- TASK GOAL
Excluding pictures, retype the line with "Polo Ralph Lauren" and each line that follows it to the end of the data below, word for word.

- SUPPLIED INFORMATION
-=-=-=-=-
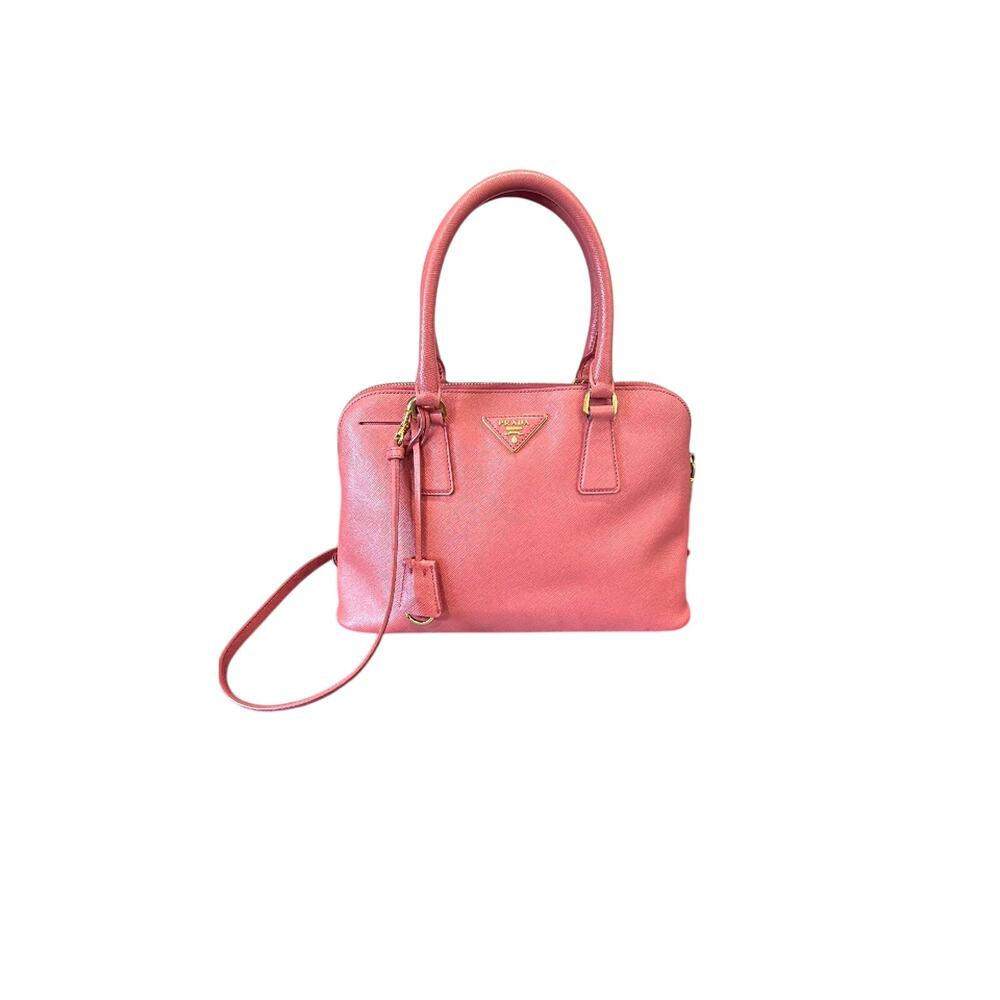 Prada Pink Leather Small Promenade Satchel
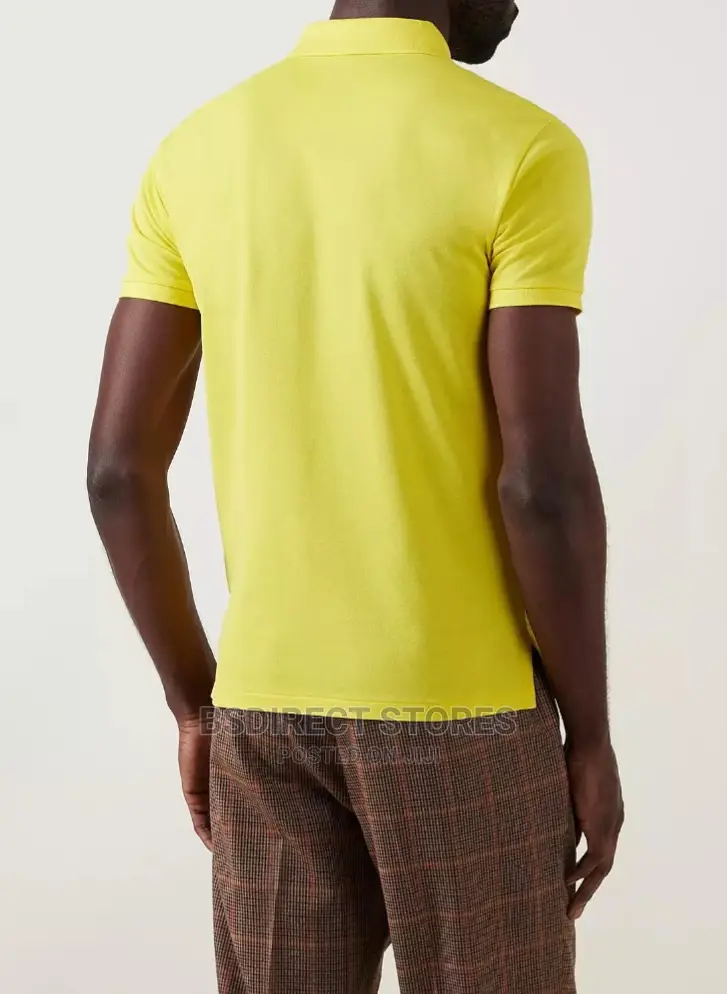 Polo Ralph Lauren Yellow Stretch Mesh Polo Shirt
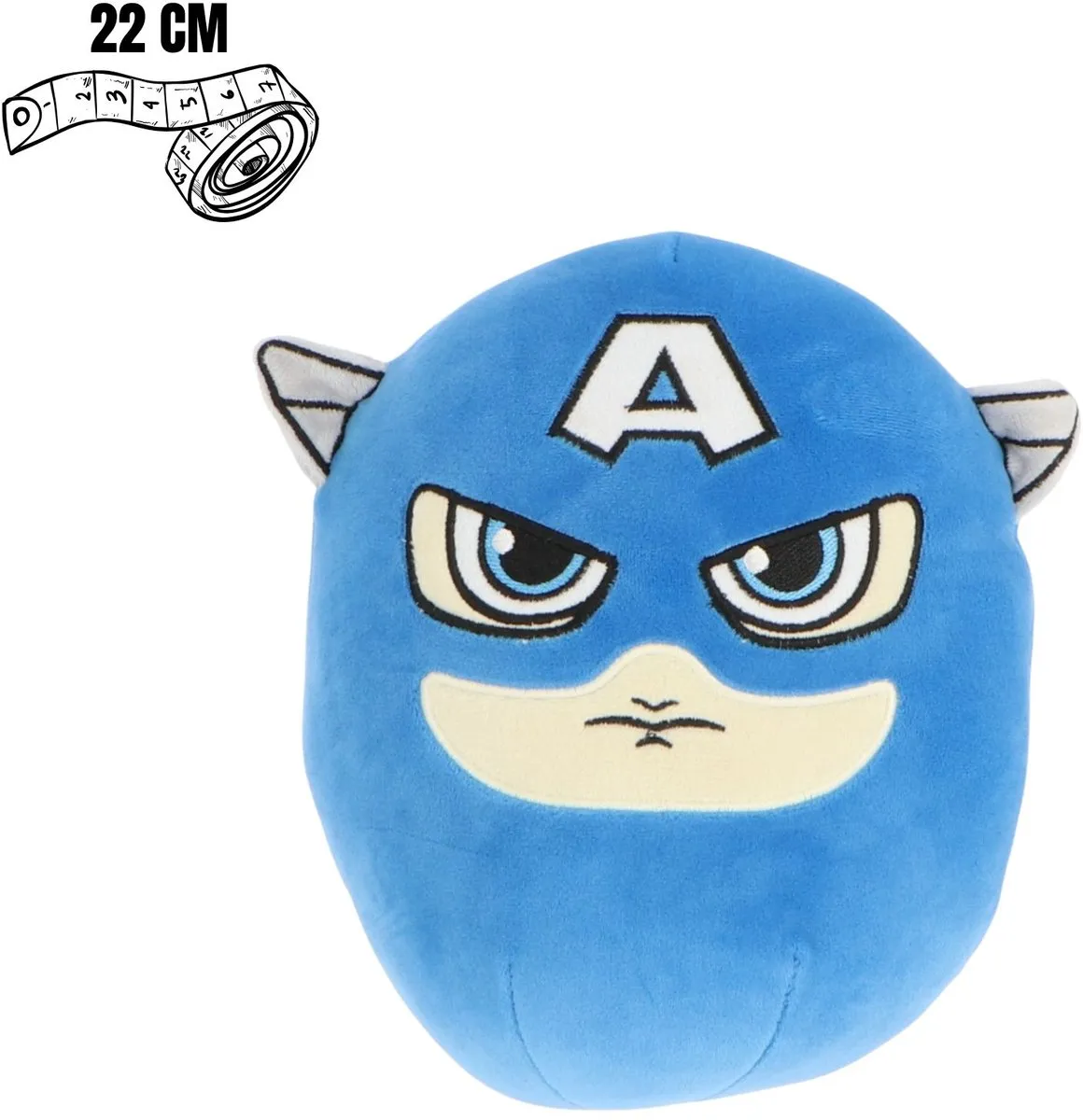 Marvel Avengers Squishy Captain America - 22 cm - Multicolor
-=-=-=-=-
- RESULT FOR THIS TASK
 Polo Ralph Lauren Yellow Stretch Mesh Polo Shirt
 Marvel Avengers Squishy Captain America - 22 cm - Multicolor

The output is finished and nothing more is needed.